Aside from the inequalities that can exist when Member States bid for goods, there are some structural inefficiencies regarding procurement that need to be addressed. The current structure under the JP, where Member States must bid for equipment, which includes consultations and deliberations over terms of contract which regardless of the outcome, ensures delays to the overall response and limits flexibility.
Similarly, with the RescEU mechanism it is important to note that it is very dependent on the Member State that launches the process. An initiative coordinated in this manner runs the risk of becoming a series of individual responses connected only by a common source of funding, instead of a collective effort to fight a common crisis.
What is clear from analysis of the EU’s JP, is that the level of European solidarity shown throughout this process will impact greatly on its success.

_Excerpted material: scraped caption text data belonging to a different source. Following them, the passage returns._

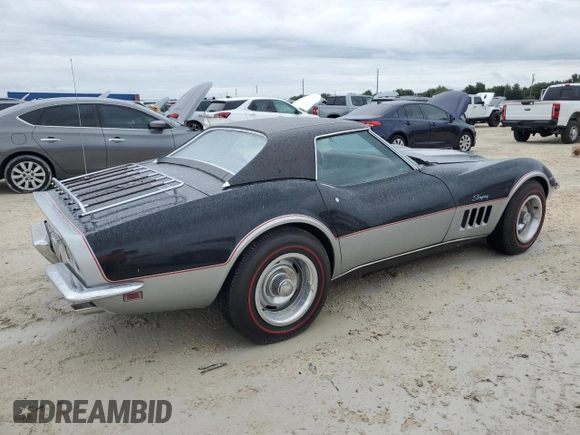 1969 Chevrolet Corvette z VIN 1946795712213, wystawiony jako Copart lot #74741564 z przebiegiem 92 858 mil mil oraz Szkoda całkowita • Salvage title. Historia ofert i sprzedaży dostępna na DreamBid. Obrazek 3.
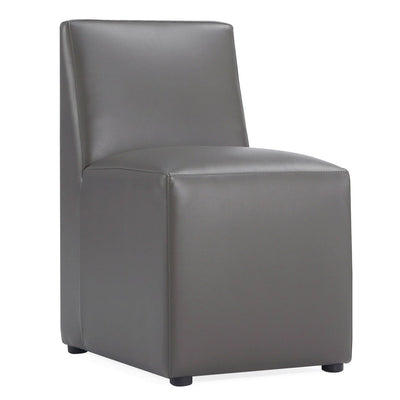Manhattan Comfort Anna Modern Square Faux Leather Dining Chair - Pewter|Chaise de salle à manger carrée et moderne Anna de Manhattan Comfort en similicuir - étain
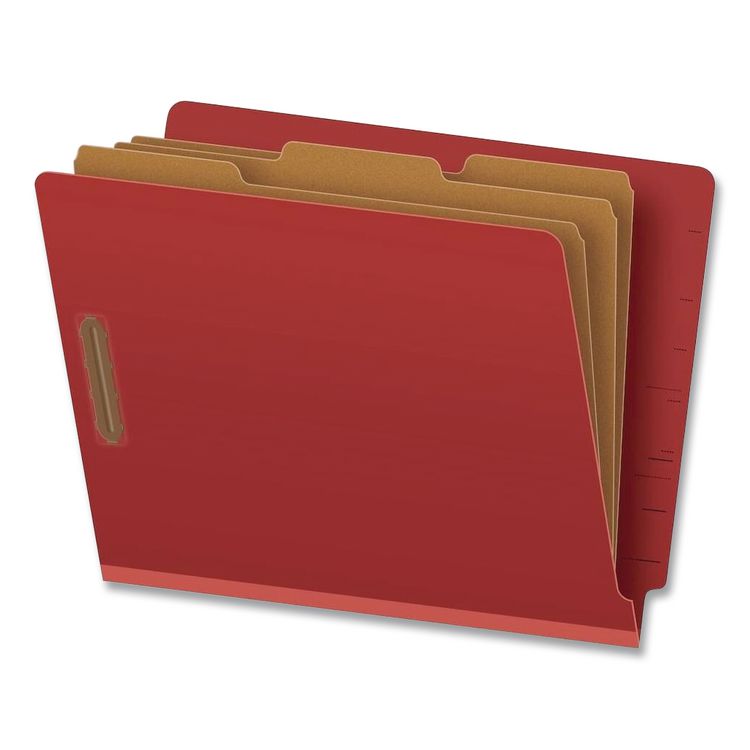 Colored Pressboard End Tab Classification Folders, 3.5" Expansion, 3 Dividers, 8 Fasteners, Letter Size, Red, 50/Box
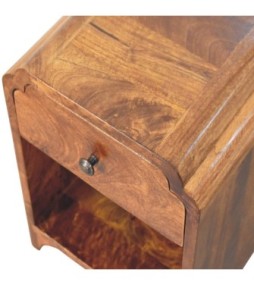 Table de chevet Newton Mini avec tiroir et étagère ouverte - finition châtaigne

While previous pandemics have highlighted weaknesses in both the EU’s response mechanisms and the ability of Member States to access and purchase vital vaccines and medications, so too will COVID-19 expose the same regarding JP. Just as past pandemics resulted in ‘more Europe’ in this area, a post-COVID-19 Europe will likely see another change to this important public health process. Recent research has suggested that EU citizens are ready for a more central role for the EU to poll medicine procurement and share the risks at the EU level.